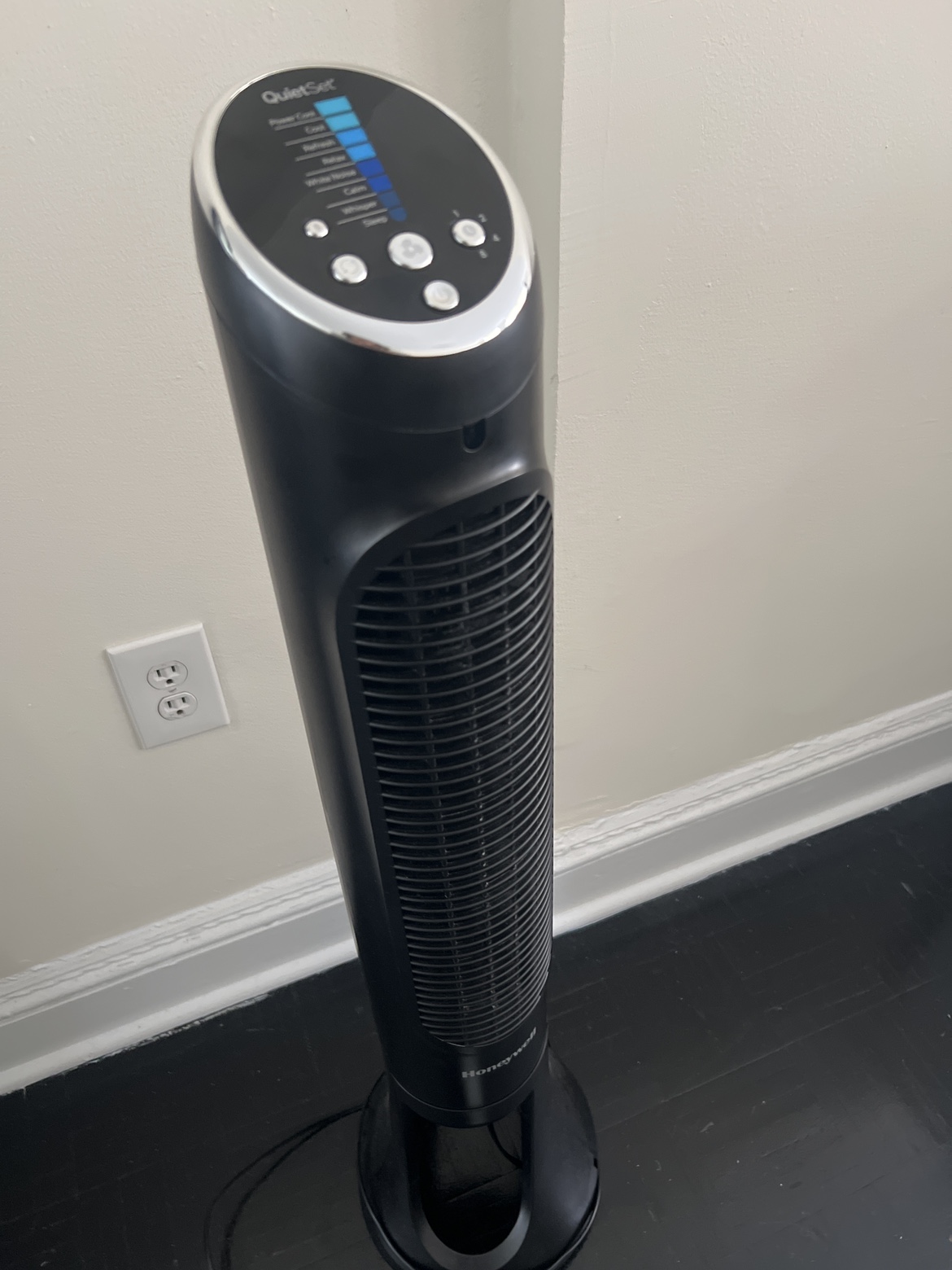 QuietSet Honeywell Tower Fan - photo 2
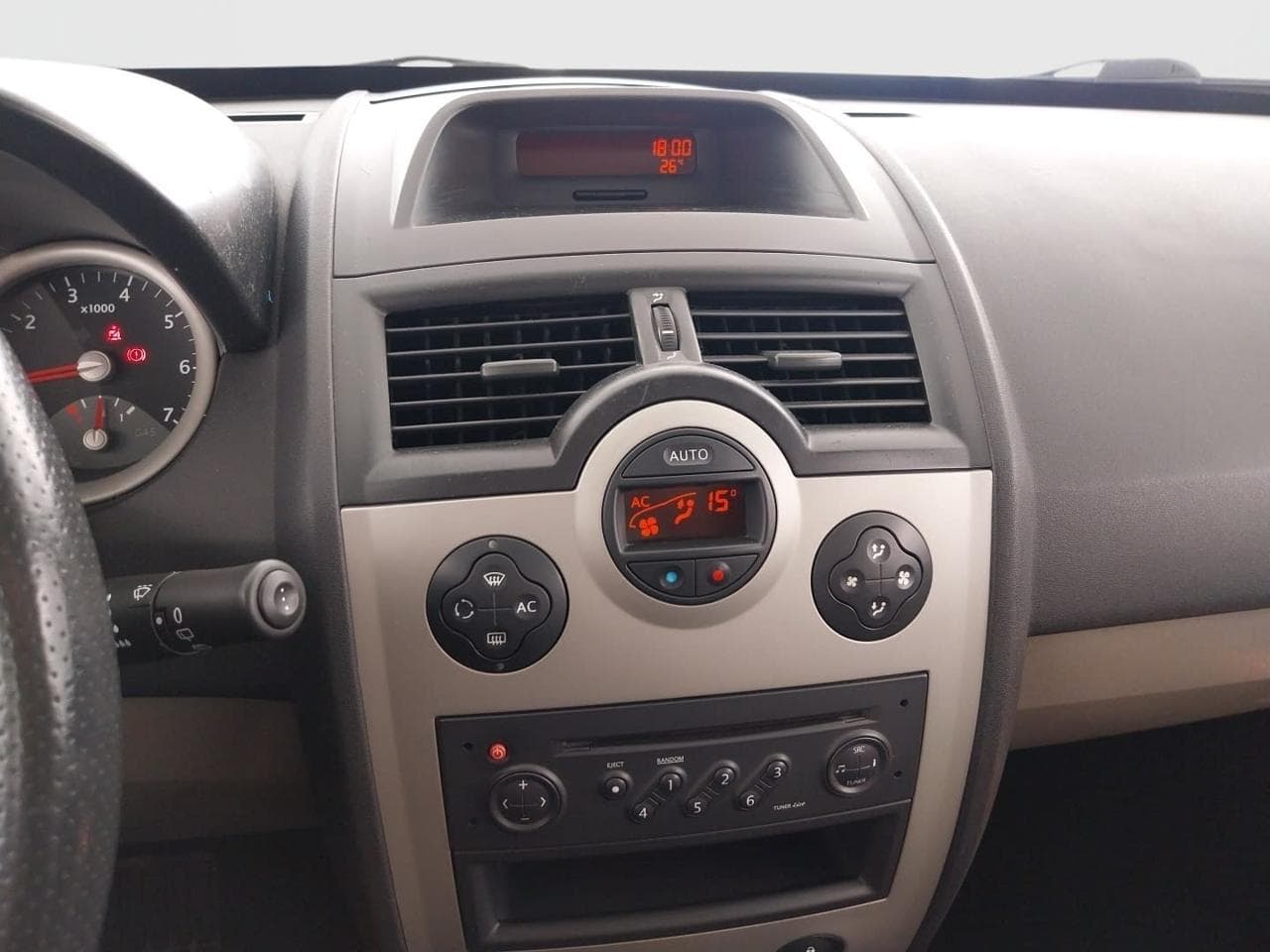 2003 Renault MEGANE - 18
_ _ _ _
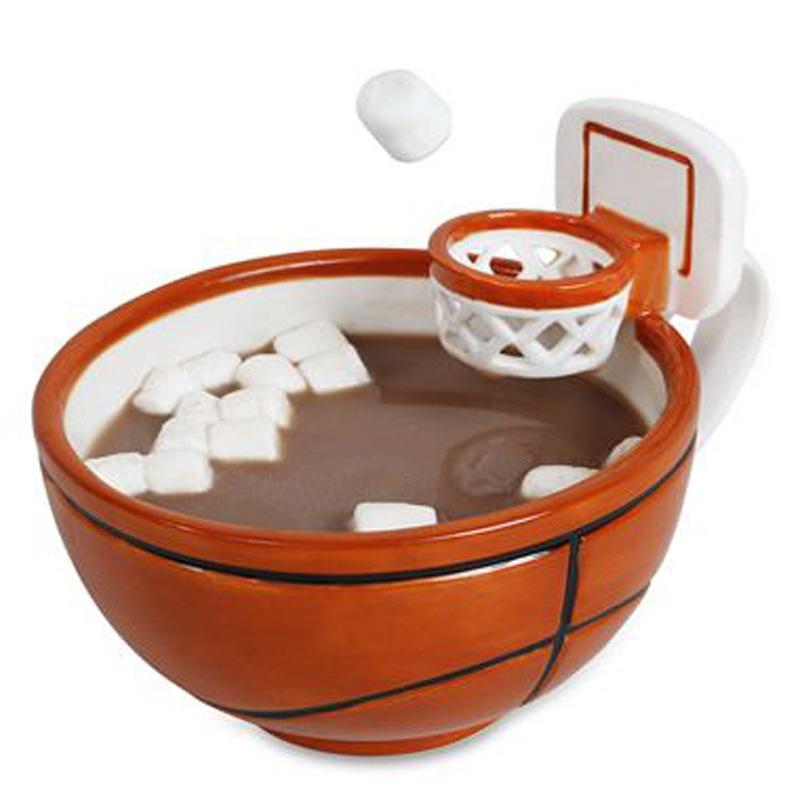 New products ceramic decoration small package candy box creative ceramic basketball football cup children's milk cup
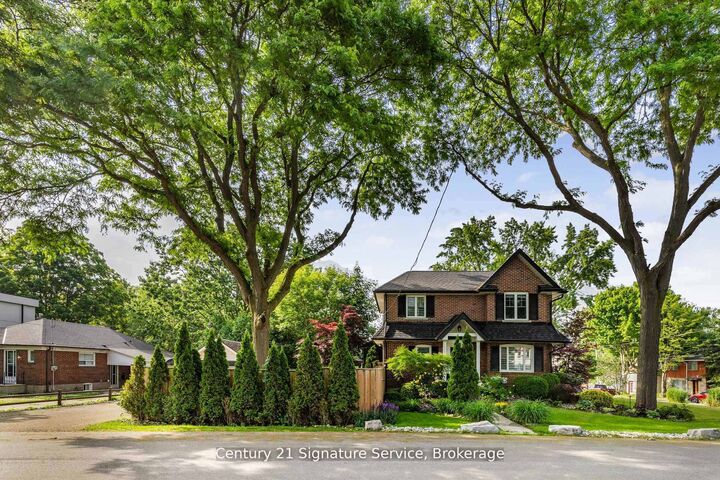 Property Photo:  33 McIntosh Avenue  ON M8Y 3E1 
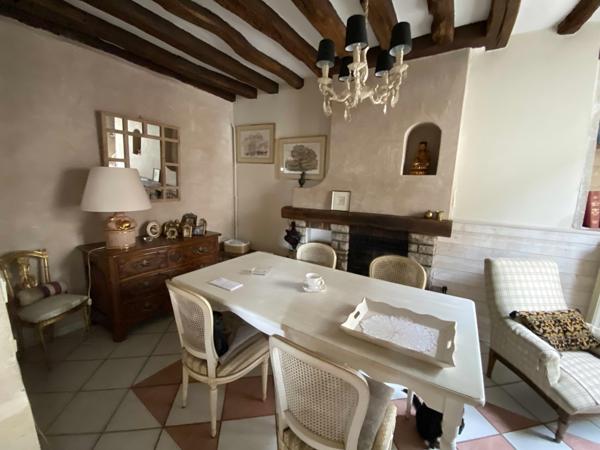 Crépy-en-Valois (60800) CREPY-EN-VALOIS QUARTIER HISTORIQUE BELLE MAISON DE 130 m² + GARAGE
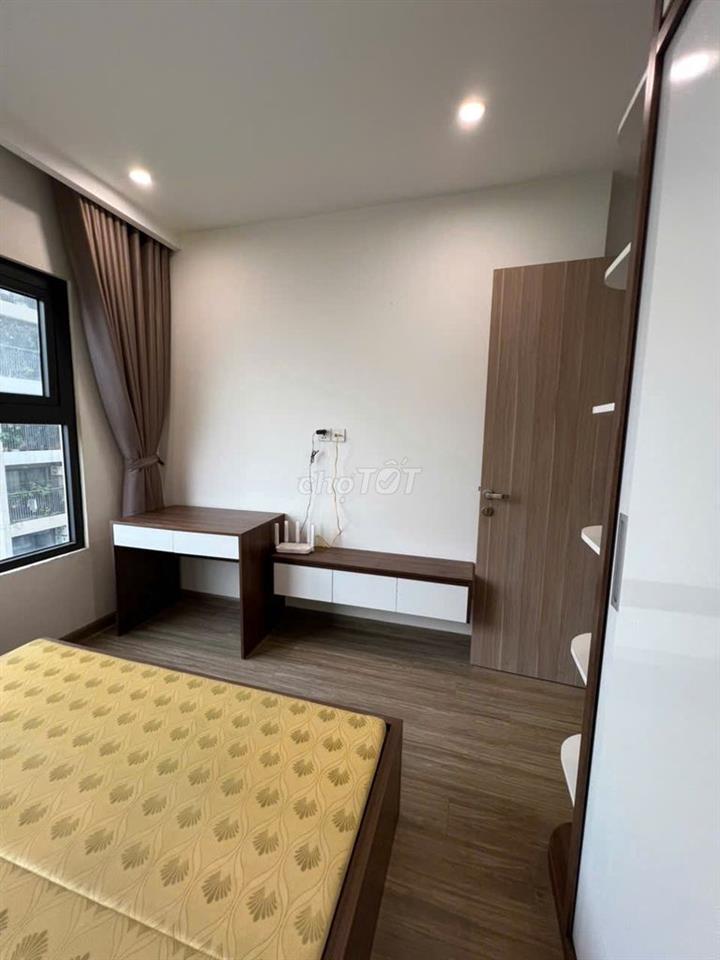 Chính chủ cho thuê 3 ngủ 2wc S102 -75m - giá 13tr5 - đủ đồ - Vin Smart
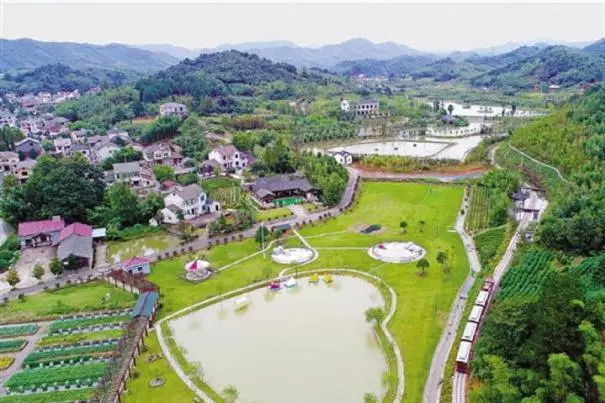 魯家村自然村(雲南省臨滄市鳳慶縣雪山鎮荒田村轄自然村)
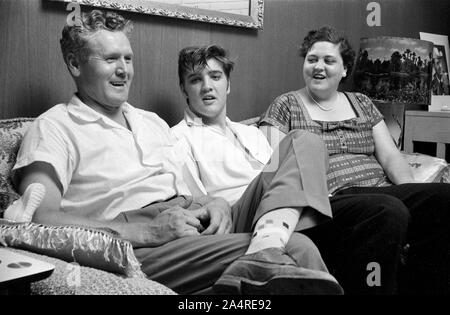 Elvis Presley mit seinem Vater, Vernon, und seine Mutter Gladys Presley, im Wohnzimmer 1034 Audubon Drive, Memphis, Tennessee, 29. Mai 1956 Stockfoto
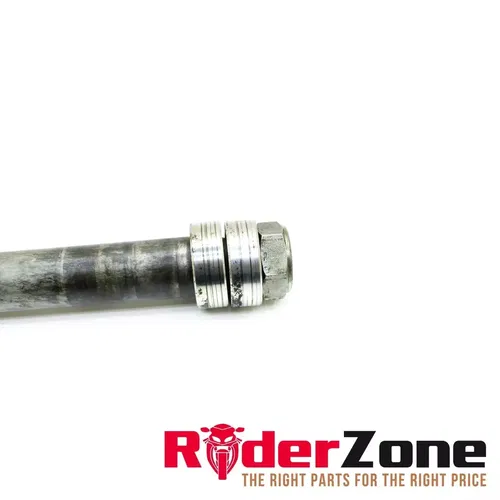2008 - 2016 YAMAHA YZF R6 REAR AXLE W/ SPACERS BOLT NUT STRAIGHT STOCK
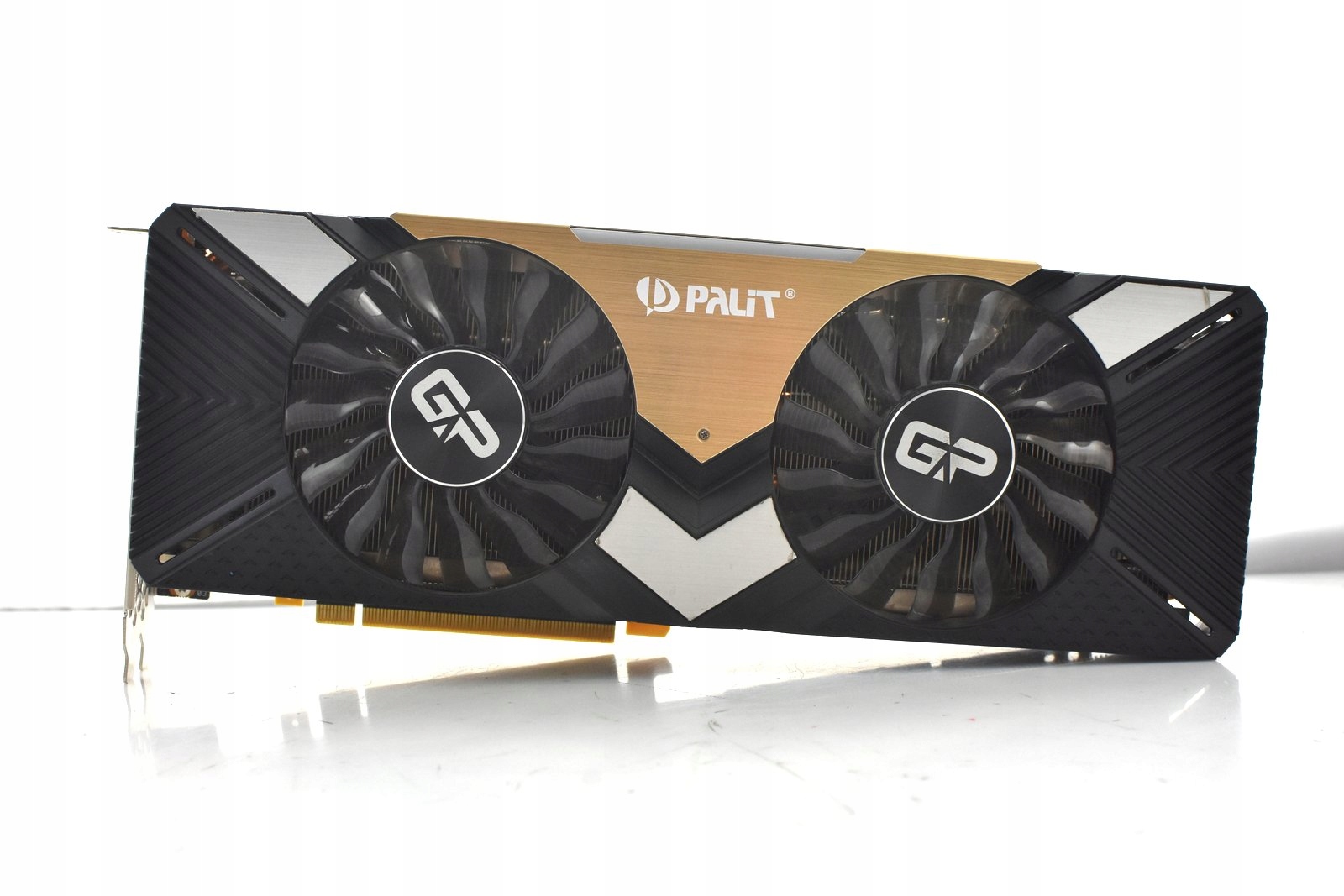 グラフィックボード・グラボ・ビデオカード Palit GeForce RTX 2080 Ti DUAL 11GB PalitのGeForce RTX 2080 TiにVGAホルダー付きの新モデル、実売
_ _ _ _
# What you are asked to do:
Although pictures appear among the entries, please set down only the lines from the one with "33 McIntosh Avenue" up to and including the one with "グラフィックボード・グラボ・ビデオカード Palit GeForce", word for word.

# Exercise output:
 Property Photo:  33 McIntosh Avenue  ON M8Y 3E1 
 Crépy-en-Valois (60800) CREPY-EN-VALOIS QUARTIER HISTORIQUE BELLE MAISON DE 130 m² + GARAGE
 Chính chủ cho thuê 3 ngủ 2wc S102 -75m - giá 13tr5 - đủ đồ - Vin Smart
 魯家村自然村(雲南省臨滄市鳳慶縣雪山鎮荒田村轄自然村)
 Elvis Presley mit seinem Vater, Vernon, und seine Mutter Gladys Presley, im Wohnzimmer 1034 Audubon Drive, Memphis, Tennessee, 29. Mai 1956 Stockfoto
2008 - 2016 YAMAHA YZF R6 REAR AXLE W/ SPACERS BOLT NUT STRAIGHT STOCK
 グラフィックボード・グラボ・ビデオカード Palit GeForce RTX 2080 Ti DUAL 11GB PalitのGeForce RTX 2080 TiにVGAホルダー付きの新モデル、実売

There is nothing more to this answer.